▶ _DATA FOR THIS TASK_
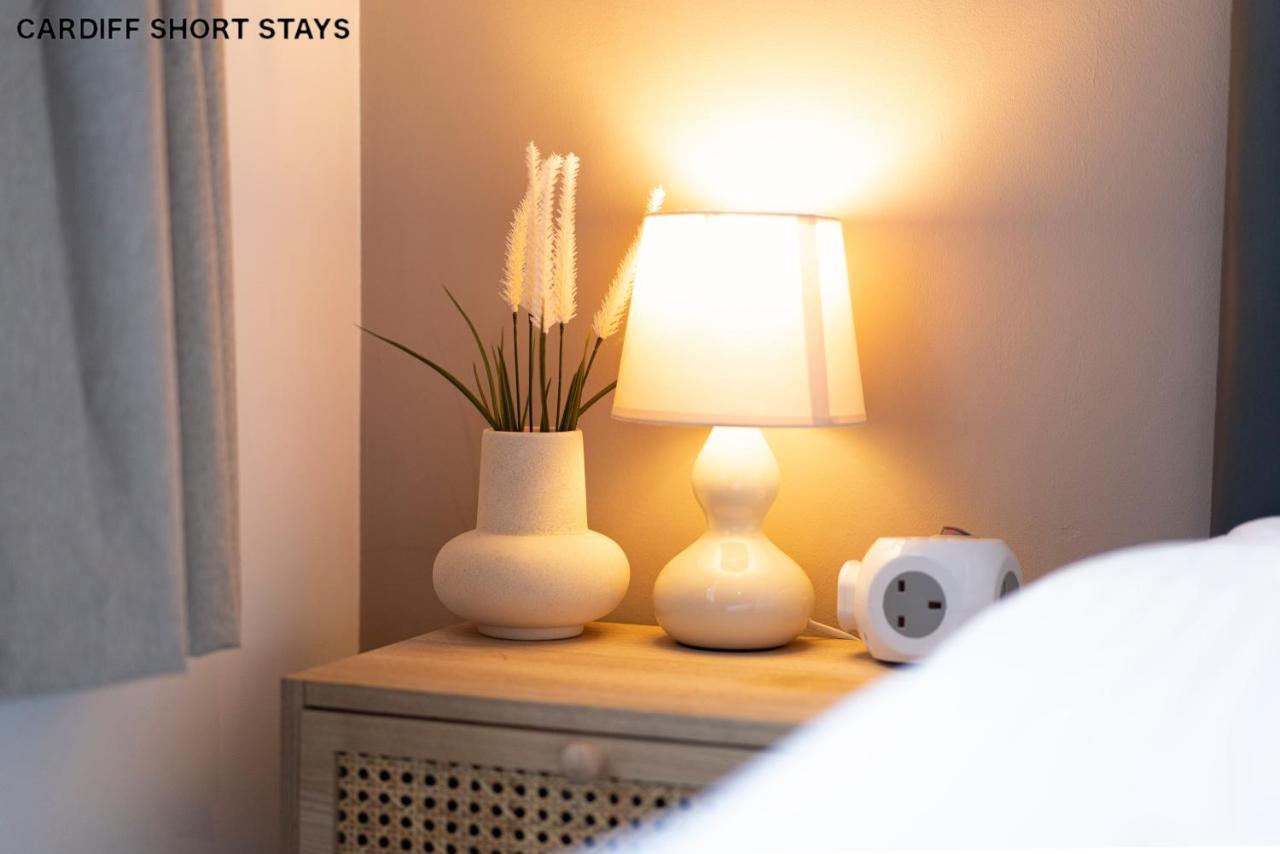 Luxury Stadium Place - Fast Wifi - Free Parking Apartment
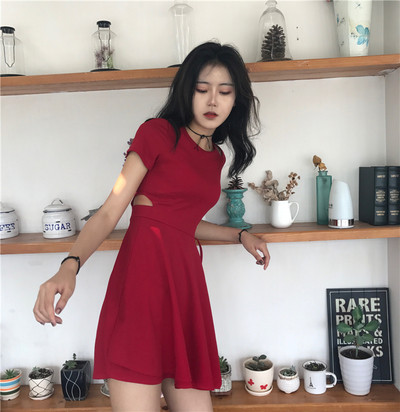 Καλοκαίρι κυρίες φόρεμα με κομμένα τα στοιχεία σε κόκκινο και μαύρο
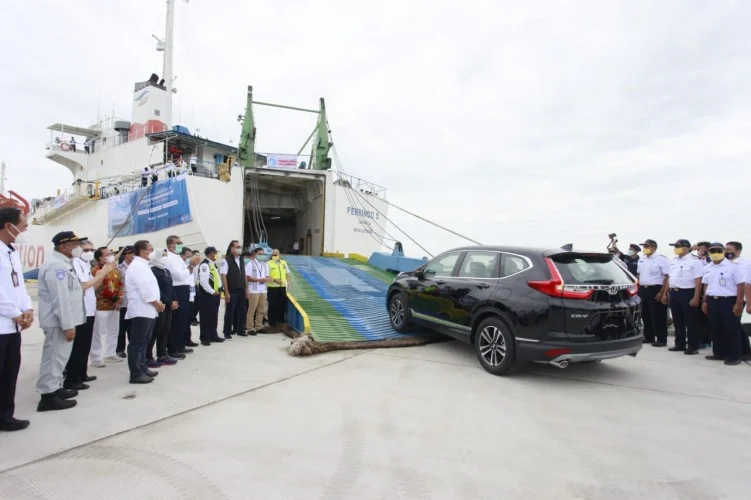 ASDP Siapkan Dua Rute Ferry Jarak Jauh Mulai Bulan Depan: Surabaya-Makassar dan Patimban-Pontianak
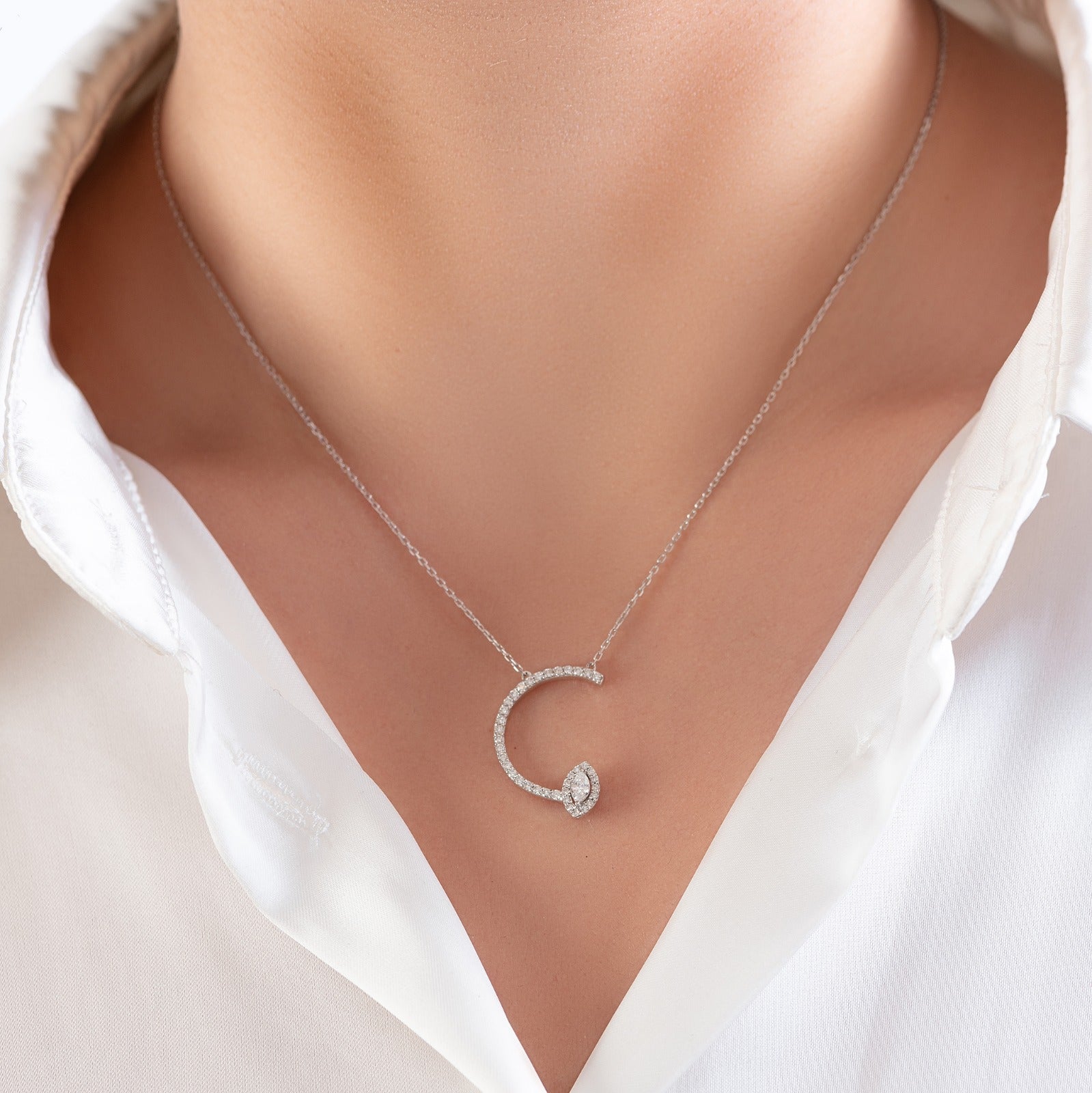 Diamond necklace on C shape in 18K White gold - SIR1115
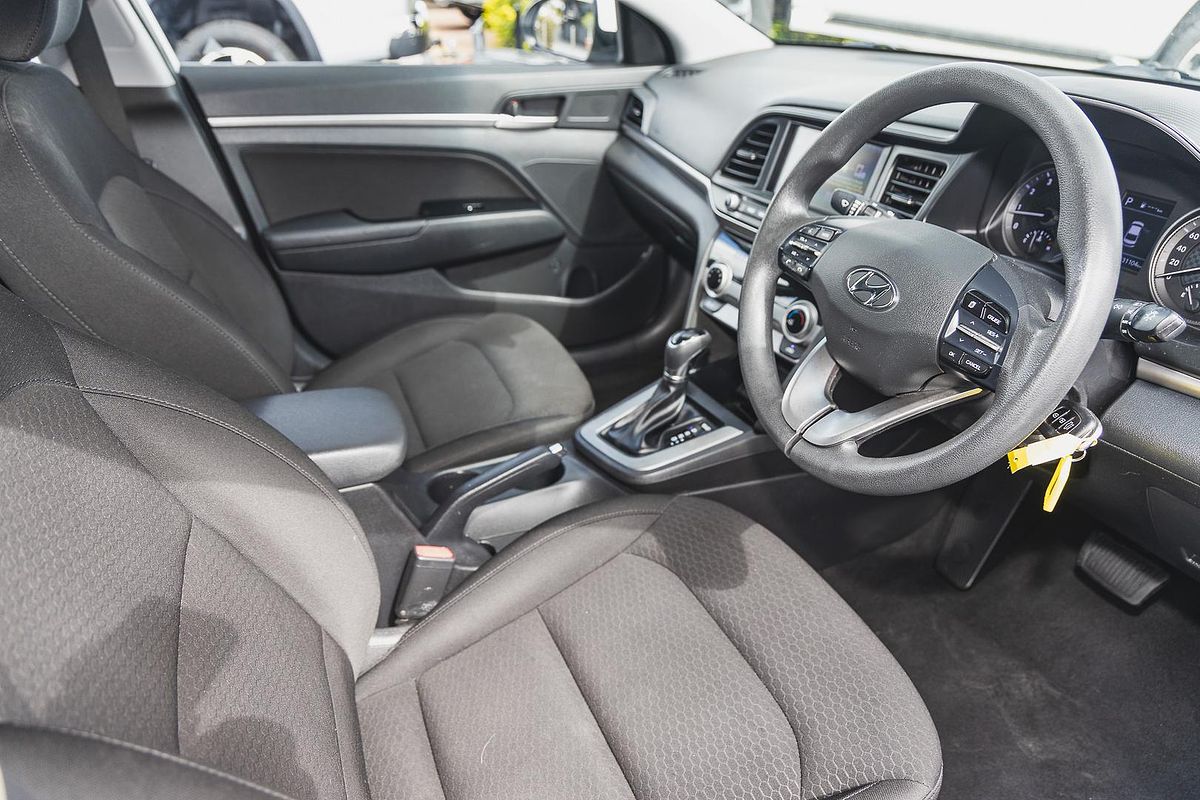 2019 Hyundai Elantra Go AD.2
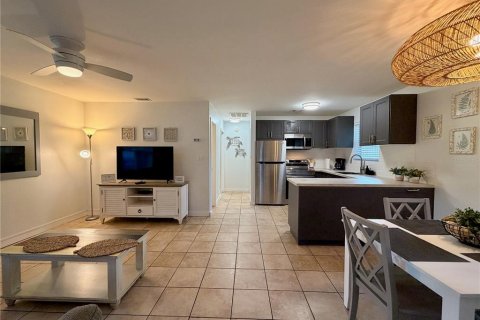 Casa en venta en Salt Springs, Florida, 2 dormitorios, 62.43 m2 № 2214390 - foto 9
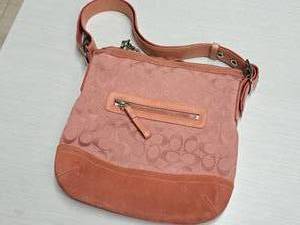 lot 172 image: Coach Handbag
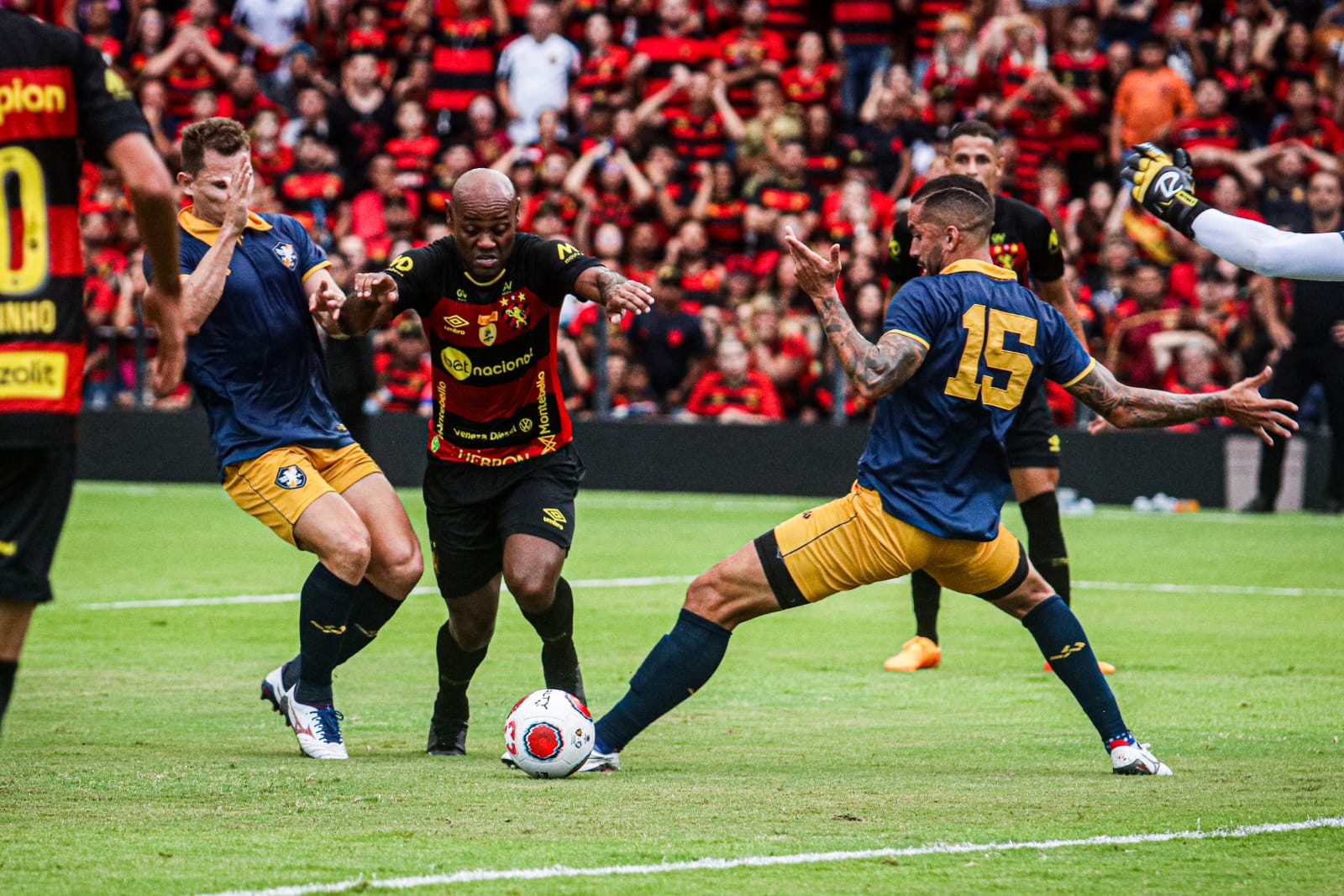 Se jogar contra o Ibis da empate 0x0 : r/futebol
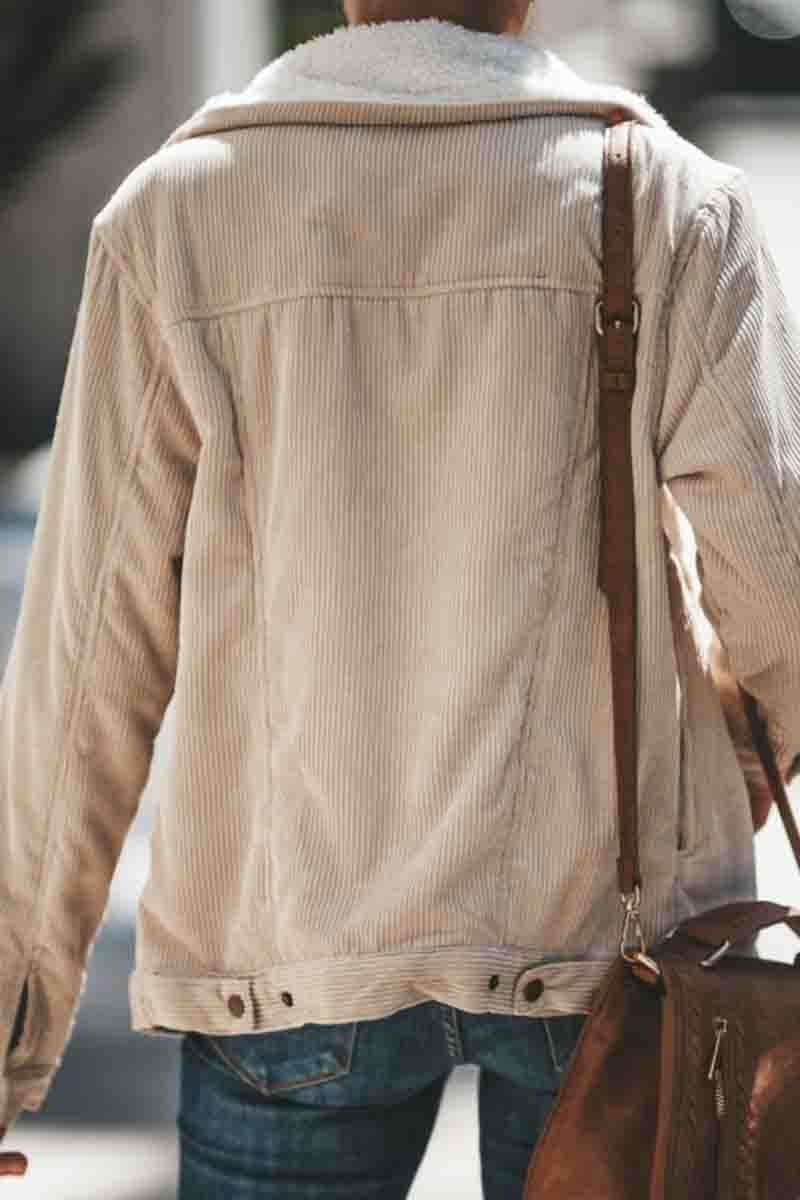 JO | Uncomplicated and chic coat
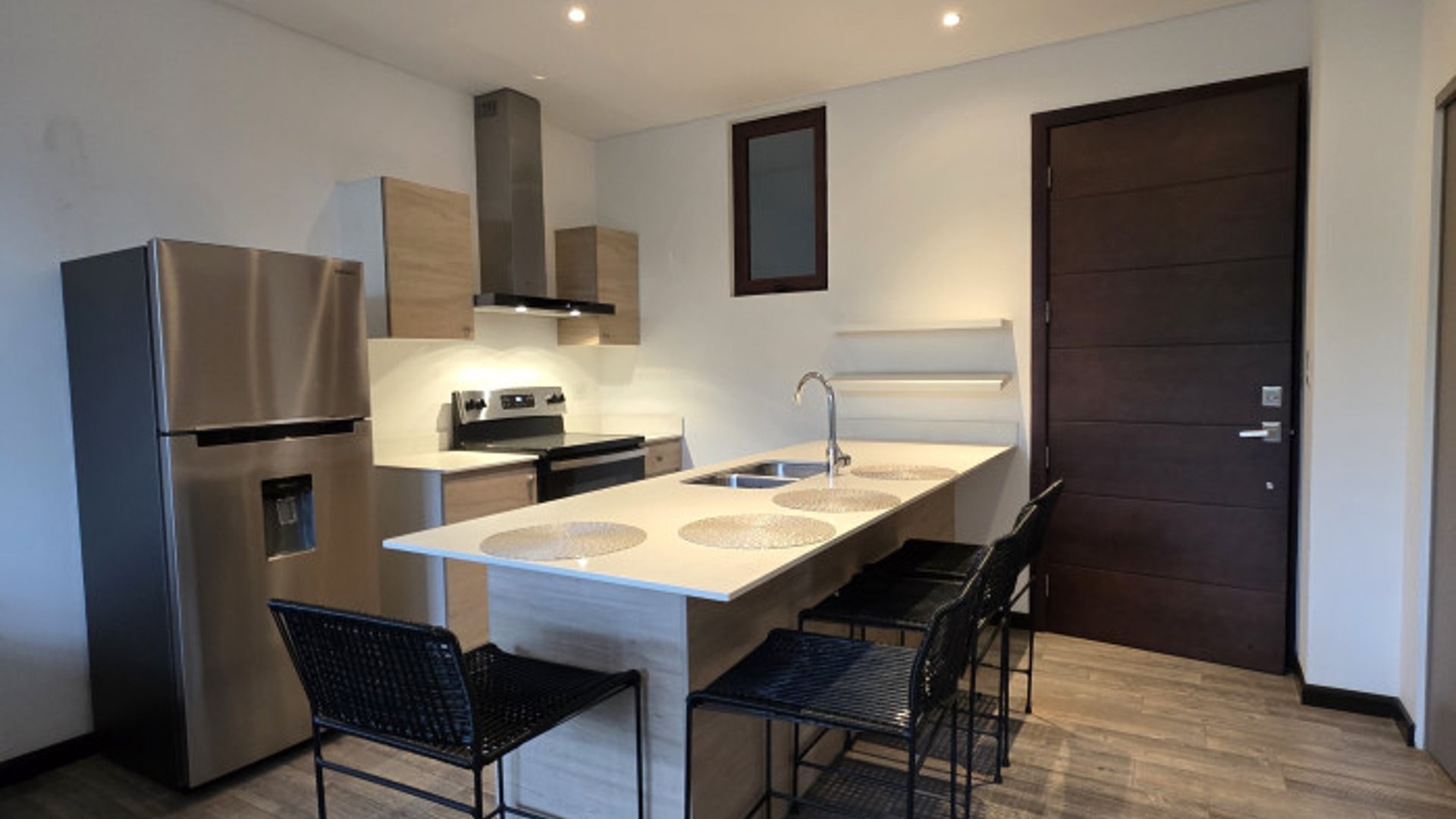 Apartamento amueblado en Alquiler Lirios de Cayala Z.16 - Miniatura 13
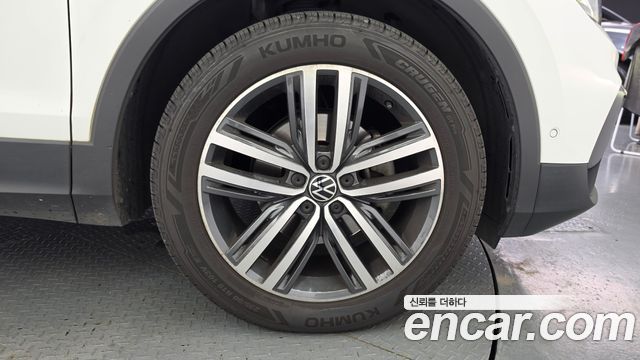 Volkswagen Tiguan (II) 2.0 TDI 4Motion Prestige 2023 — фото 5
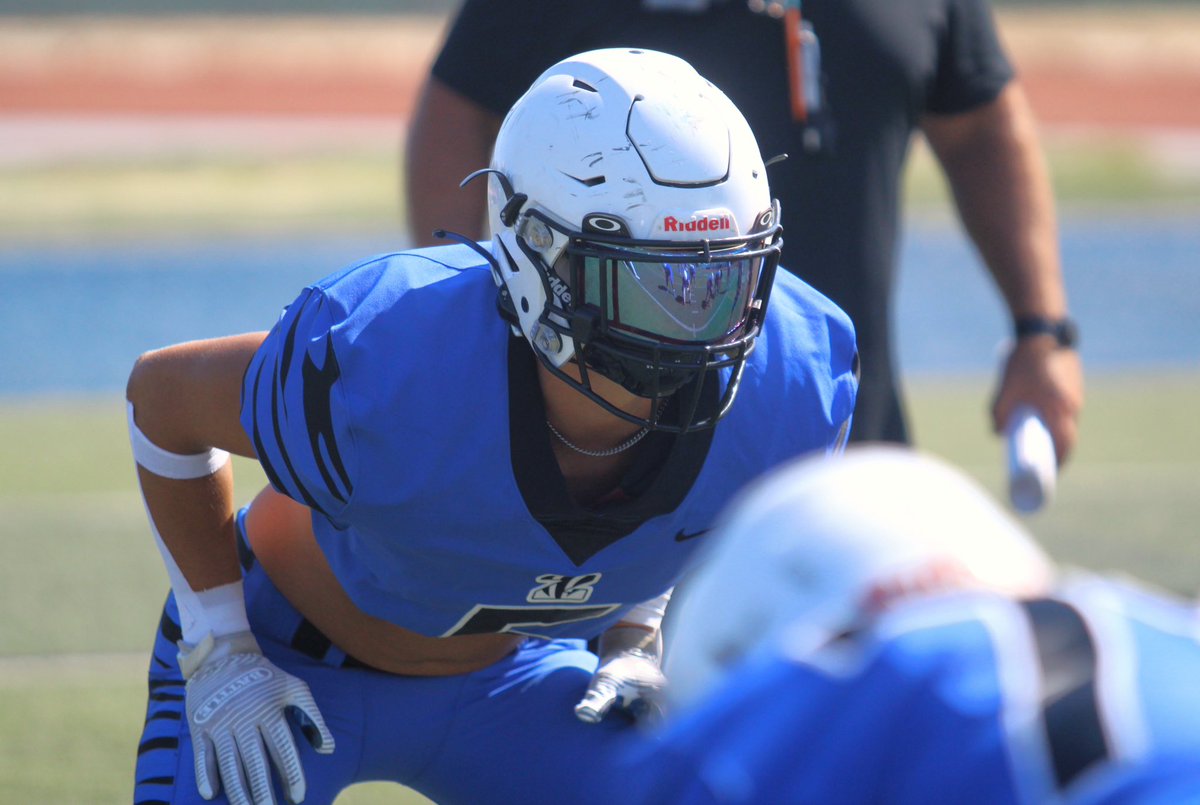 J_Georgeson26's tweet photo. Last season, Lincoln went 1-9 with a young squad. But after a year in the weight room and working hard, the Fighting Zebras are bigger, stronger, faster, and have more experience. Now in the Pioneer Valley League, Lincoln feels that it can make some this season. @zebras_football https://t.co/XniUVa8eWo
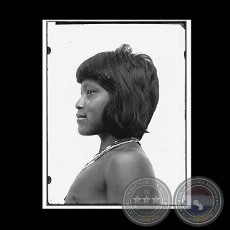 MUCHACHA DE LA TRIBU CHAMACOCO - Fotografía de GUIDO BOGGIANI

▶ _TASK TO COMPLETE_
Exactly the lines from the start of the entries above through the line with "Apartamento amueblado en" should be reproduced, and nothing else; drop the pictures.

▶ _EXERCISE RESPONSE_
 Luxury Stadium Place - Fast Wifi - Free Parking Apartment
 Καλοκαίρι κυρίες φόρεμα με κομμένα τα στοιχεία σε κόκκινο και μαύρο
 ASDP Siapkan Dua Rute Ferry Jarak Jauh Mulai Bulan Depan: Surabaya-Makassar dan Patimban-Pontianak
 Diamond necklace on C shape in 18K White gold - SIR1115
 2019 Hyundai Elantra Go AD.2
 Casa en venta en Salt Springs, Florida, 2 dormitorios, 62.43 m2 № 2214390 - foto 9
 lot 172 image: Coach Handbag
 Se jogar contra o Ibis da empate 0x0 : r/futebol
 JO | Uncomplicated and chic coat
 Apartamento amueblado en Alquiler Lirios de Cayala Z.16 - Miniatura 13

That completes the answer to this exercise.